◆ What the task asks: Your task is to gather the lines below that hold the string "Court".

#####

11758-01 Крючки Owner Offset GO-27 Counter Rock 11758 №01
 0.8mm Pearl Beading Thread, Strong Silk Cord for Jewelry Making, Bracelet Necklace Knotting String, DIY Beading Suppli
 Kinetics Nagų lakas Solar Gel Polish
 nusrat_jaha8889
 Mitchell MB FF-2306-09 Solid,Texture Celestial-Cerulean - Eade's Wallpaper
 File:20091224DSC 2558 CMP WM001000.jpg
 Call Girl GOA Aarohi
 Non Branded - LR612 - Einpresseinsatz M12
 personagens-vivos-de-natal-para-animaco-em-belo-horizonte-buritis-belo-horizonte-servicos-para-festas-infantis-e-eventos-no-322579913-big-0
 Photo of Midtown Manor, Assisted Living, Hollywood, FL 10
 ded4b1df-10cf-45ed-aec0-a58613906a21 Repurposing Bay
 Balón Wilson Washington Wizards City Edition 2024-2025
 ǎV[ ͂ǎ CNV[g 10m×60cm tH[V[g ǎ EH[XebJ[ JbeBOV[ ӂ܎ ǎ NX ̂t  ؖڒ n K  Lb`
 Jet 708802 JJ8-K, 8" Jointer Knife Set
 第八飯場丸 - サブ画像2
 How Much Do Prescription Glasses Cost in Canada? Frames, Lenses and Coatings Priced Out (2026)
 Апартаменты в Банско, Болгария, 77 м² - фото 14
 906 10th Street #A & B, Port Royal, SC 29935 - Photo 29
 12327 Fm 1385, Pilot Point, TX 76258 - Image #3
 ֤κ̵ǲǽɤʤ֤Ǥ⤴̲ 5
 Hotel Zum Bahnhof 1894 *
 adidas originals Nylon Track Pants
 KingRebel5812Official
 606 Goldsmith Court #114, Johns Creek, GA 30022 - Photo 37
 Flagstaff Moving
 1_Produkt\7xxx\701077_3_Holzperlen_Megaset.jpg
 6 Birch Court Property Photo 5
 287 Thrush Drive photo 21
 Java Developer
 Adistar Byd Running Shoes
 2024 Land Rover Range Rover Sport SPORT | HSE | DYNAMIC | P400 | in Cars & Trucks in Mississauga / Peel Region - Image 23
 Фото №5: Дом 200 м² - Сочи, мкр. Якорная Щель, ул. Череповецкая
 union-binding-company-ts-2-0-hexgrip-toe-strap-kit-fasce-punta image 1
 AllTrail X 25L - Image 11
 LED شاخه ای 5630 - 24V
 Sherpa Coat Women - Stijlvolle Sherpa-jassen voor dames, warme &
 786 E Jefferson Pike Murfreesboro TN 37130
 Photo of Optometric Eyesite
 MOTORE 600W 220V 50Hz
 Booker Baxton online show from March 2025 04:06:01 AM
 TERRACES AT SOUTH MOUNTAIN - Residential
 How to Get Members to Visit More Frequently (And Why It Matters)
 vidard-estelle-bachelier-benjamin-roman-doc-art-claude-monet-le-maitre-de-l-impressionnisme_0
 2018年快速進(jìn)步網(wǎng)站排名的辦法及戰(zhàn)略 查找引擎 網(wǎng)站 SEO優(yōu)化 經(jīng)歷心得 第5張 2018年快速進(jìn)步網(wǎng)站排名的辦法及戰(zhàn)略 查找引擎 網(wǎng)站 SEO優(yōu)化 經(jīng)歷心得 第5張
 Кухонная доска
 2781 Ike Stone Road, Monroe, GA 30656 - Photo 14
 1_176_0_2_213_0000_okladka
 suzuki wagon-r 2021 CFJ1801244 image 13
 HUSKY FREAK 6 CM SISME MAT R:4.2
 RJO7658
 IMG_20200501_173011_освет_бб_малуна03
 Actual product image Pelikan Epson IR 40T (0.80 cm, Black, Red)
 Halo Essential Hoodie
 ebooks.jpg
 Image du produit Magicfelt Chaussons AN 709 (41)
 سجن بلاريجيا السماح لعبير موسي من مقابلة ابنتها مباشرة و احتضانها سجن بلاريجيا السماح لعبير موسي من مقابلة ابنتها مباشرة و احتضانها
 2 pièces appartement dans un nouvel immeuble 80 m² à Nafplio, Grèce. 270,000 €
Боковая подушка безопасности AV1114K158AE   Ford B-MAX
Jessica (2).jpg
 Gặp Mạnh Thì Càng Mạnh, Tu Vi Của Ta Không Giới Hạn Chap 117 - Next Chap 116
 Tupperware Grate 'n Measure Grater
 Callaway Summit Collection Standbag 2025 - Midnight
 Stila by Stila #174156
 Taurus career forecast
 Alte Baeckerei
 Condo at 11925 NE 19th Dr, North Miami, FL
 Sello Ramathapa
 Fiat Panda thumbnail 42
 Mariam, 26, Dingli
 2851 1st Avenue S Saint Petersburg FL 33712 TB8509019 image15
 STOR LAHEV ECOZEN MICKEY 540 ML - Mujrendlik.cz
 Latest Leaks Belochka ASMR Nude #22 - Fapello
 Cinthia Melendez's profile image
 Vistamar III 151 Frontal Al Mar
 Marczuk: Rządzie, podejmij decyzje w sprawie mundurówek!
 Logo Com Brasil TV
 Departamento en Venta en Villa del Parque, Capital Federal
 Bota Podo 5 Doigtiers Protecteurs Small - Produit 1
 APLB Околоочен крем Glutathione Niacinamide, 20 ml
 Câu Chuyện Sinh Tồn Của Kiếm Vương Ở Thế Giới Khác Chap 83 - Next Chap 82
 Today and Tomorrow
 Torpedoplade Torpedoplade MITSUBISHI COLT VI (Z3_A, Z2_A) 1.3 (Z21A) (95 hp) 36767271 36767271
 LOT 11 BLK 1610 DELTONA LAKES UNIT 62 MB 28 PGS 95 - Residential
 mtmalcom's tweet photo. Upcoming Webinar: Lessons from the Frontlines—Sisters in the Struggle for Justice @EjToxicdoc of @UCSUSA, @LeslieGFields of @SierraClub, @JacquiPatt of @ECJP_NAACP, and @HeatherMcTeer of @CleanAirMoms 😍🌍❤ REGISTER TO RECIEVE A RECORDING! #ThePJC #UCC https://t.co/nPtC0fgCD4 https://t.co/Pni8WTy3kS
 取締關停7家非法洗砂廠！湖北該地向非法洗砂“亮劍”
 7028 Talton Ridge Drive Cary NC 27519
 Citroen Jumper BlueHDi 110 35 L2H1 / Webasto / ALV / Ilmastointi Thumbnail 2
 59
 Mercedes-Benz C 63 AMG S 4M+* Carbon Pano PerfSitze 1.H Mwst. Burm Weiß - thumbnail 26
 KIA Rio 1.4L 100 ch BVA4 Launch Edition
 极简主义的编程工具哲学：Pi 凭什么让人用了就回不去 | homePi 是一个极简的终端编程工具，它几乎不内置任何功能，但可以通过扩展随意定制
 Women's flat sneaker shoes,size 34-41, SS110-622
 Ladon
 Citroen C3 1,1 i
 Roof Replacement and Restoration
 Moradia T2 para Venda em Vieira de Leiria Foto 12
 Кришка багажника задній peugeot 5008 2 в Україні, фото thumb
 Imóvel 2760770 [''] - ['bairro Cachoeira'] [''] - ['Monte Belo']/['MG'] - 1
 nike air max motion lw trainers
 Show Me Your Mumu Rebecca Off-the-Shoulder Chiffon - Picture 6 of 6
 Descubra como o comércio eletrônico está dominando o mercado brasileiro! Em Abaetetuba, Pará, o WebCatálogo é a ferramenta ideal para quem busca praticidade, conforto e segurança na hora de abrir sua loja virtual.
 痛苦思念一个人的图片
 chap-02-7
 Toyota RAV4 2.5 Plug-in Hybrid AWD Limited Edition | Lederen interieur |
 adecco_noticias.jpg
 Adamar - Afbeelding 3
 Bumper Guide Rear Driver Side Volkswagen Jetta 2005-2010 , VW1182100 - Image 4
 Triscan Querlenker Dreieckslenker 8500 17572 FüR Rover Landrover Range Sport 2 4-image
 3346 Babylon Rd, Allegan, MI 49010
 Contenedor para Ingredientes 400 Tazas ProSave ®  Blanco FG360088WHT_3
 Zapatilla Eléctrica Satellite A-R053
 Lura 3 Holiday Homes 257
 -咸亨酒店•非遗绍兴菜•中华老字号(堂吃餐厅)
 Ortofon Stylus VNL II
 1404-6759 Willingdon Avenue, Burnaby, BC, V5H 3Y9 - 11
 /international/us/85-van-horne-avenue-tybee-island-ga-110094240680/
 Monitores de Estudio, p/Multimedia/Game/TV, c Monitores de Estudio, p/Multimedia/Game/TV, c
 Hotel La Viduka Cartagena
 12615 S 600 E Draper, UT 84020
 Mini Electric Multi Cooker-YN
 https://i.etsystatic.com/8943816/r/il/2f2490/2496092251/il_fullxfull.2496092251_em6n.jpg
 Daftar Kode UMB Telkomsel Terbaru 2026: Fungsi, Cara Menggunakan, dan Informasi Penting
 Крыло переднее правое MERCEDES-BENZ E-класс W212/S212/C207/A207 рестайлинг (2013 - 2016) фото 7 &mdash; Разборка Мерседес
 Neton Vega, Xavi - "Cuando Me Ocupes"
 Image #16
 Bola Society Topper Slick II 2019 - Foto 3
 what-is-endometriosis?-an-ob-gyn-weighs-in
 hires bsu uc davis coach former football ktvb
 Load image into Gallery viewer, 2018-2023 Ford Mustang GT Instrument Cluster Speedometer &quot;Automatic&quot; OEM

#####

◆ Solution to the problem:
 606 Goldsmith Court #114, Johns Creek, GA 30022 - Photo 37
 6 Birch Court Property Photo 5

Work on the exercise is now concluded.